WHAT YOU SHOULD DO: Copy out the lines beginning with the one that contains "We made this" and ending with the last line below, exactly as they stand. Pictures are not copied.

INPUT DATA section start

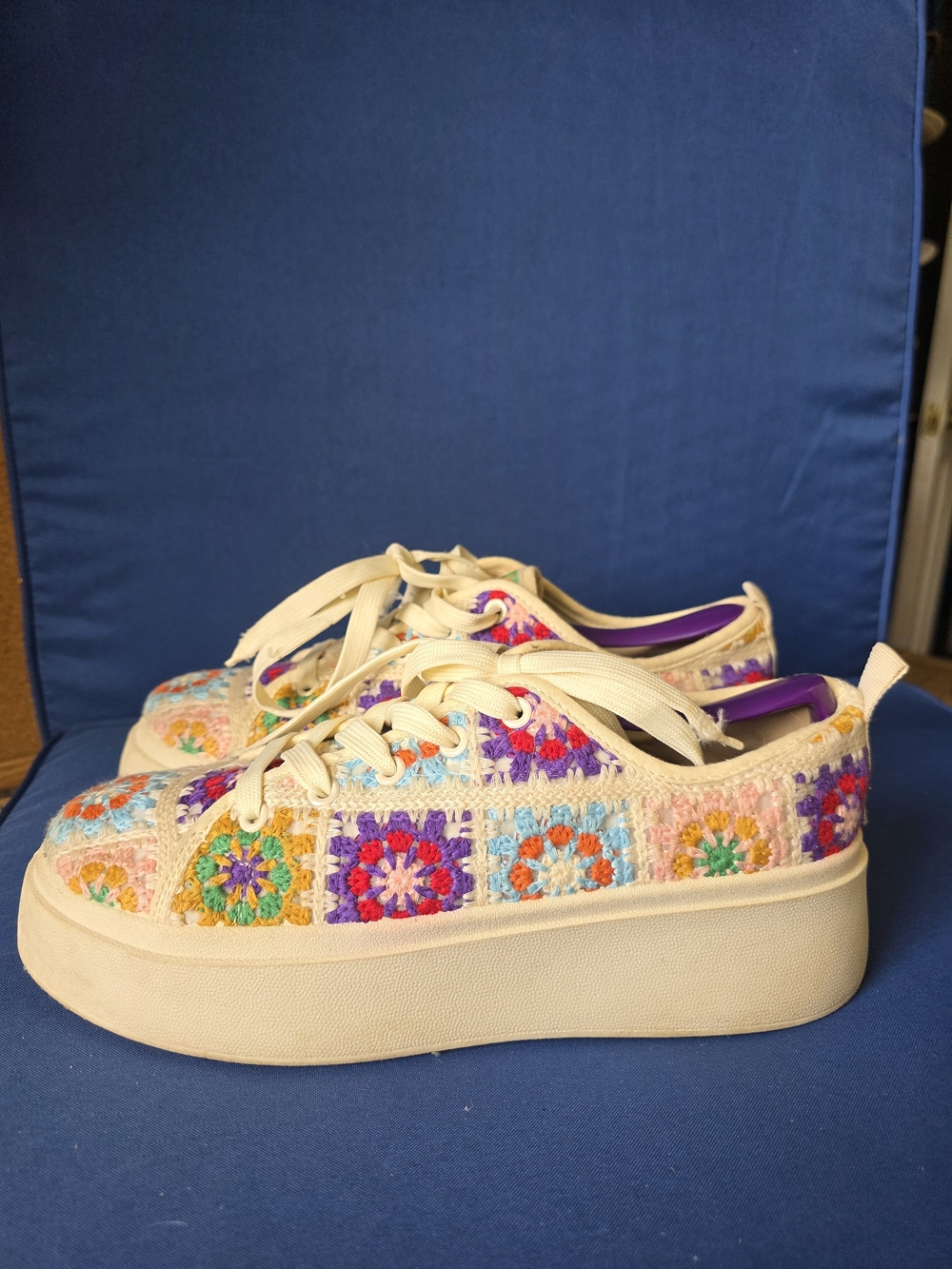 Boho Crochet Platform Sneakers Multicolor Granny Square Patchwork Sz 10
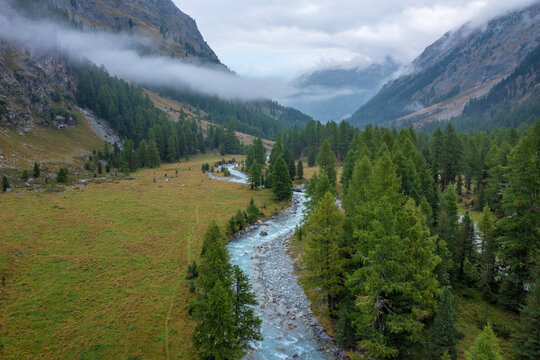 Drone view of Ova da Morteratsch river flowing through Val Morteratsch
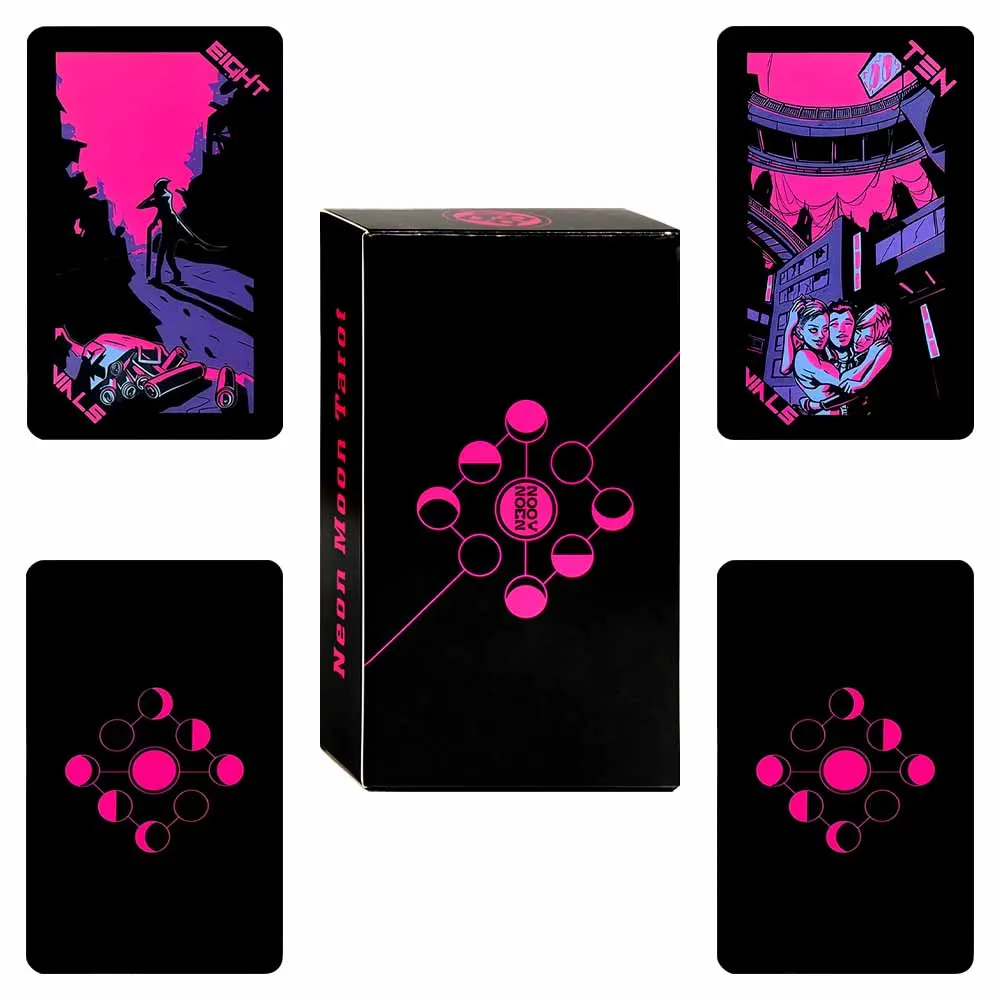 78pcs Cyberpunk Neon Moon Tarot Cards Oracle Card Fate Divination Leisure Entertainment Family Gatherings Tarot Card Game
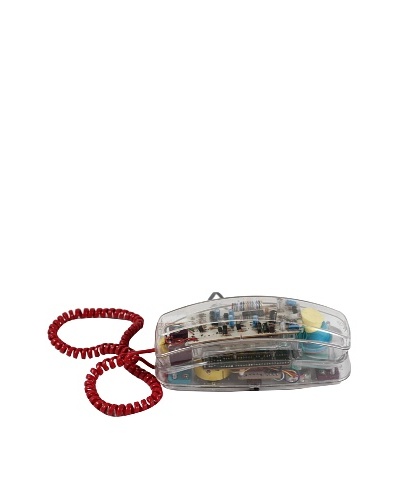 FunFX Vintage Telephone, Clear/Red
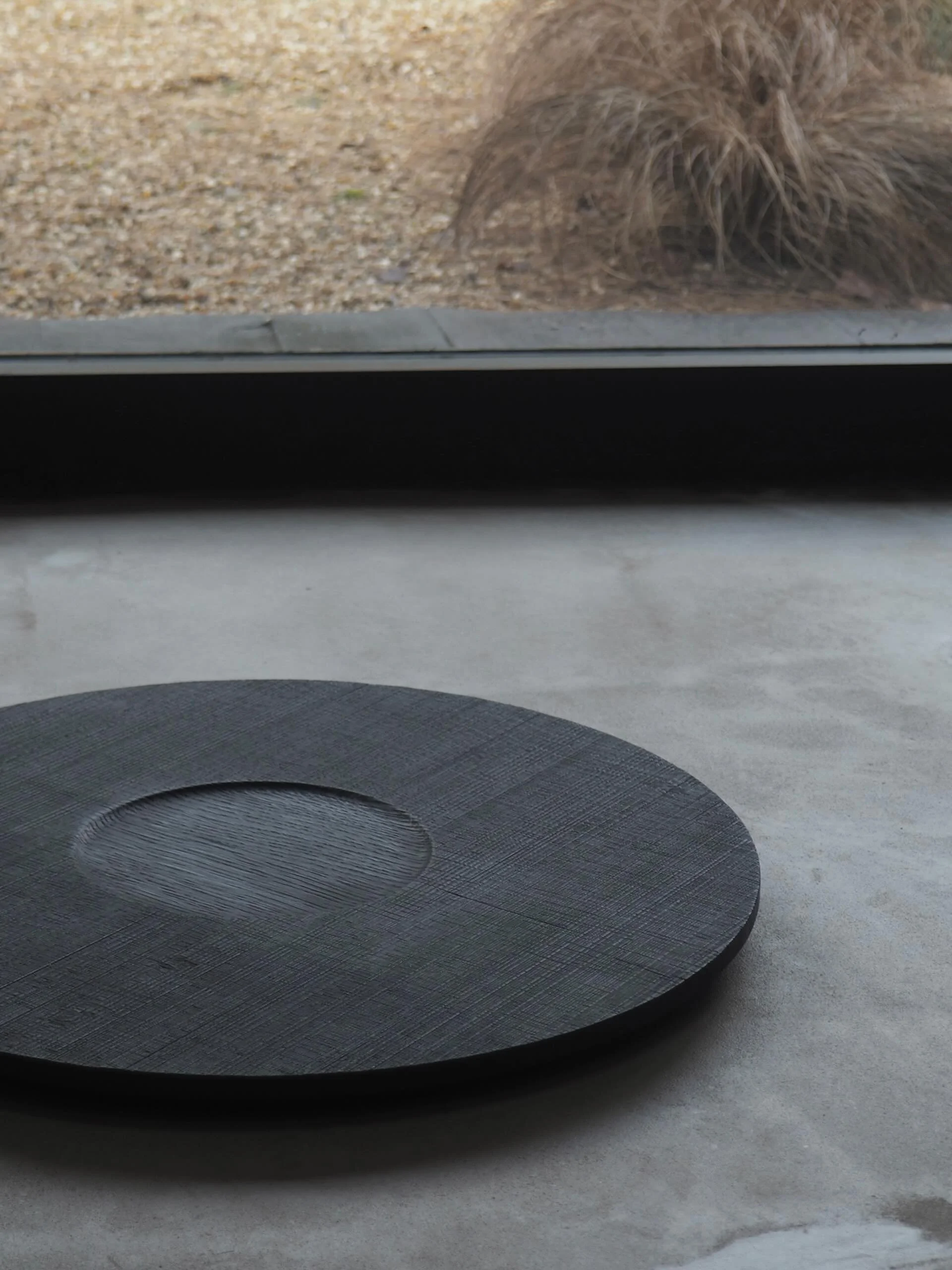 Circular Tray in Burnt English Oak with Sawn Texture and Inner Circle.
We made this large sculptural piece for @maudandmabellondon Designed to be used for tea ceremony, this piece is available on the Maud &amp; Mabel website.

&lsquo;Crafted in Engli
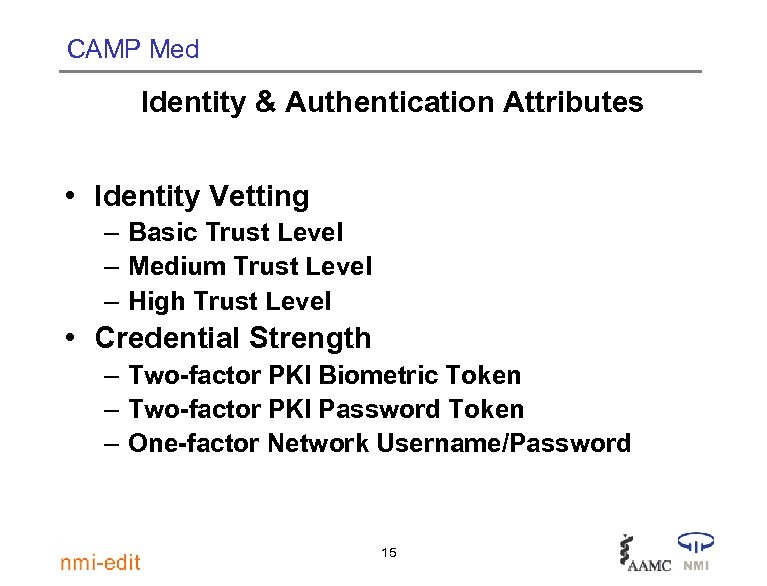 CAMP Med Identity & Authentication Attributes • Identity Vetting – Basic Trust Level –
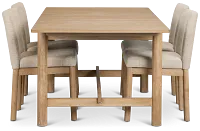 Taylor Light Tone Rect Table & 4 Upholstered Chairs
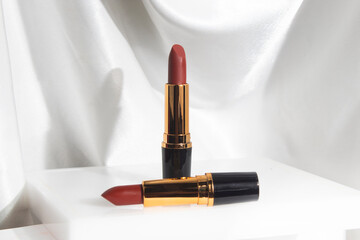 mockup of lipstick cosmetic makeup product, branding of beauty fashion, red rose lips on white backg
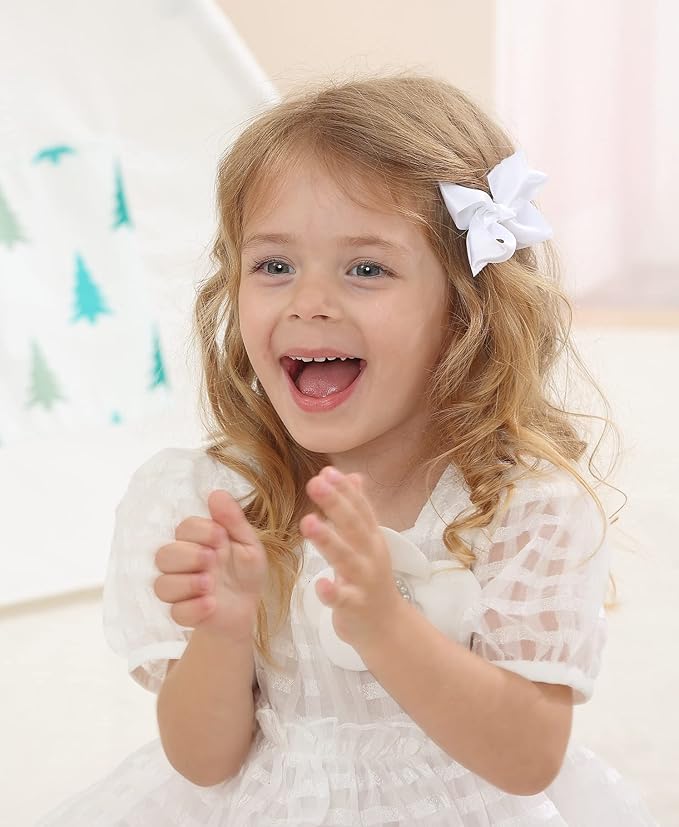 3 Inch Satin Bow for Little Girls - 2 Pcs (White)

INPUT DATA section end

EXERCISE ANSWER:
We made this large sculptural piece for @maudandmabellondon Designed to be used for tea ceremony, this piece is available on the Maud &amp; Mabel website.

&lsquo;Crafted in Engli
 CAMP Med Identity & Authentication Attributes • Identity Vetting – Basic Trust Level –
 Taylor Light Tone Rect Table & 4 Upholstered Chairs
 mockup of lipstick cosmetic makeup product, branding of beauty fashion, red rose lips on white backg
 3 Inch Satin Bow for Little Girls - 2 Pcs (White)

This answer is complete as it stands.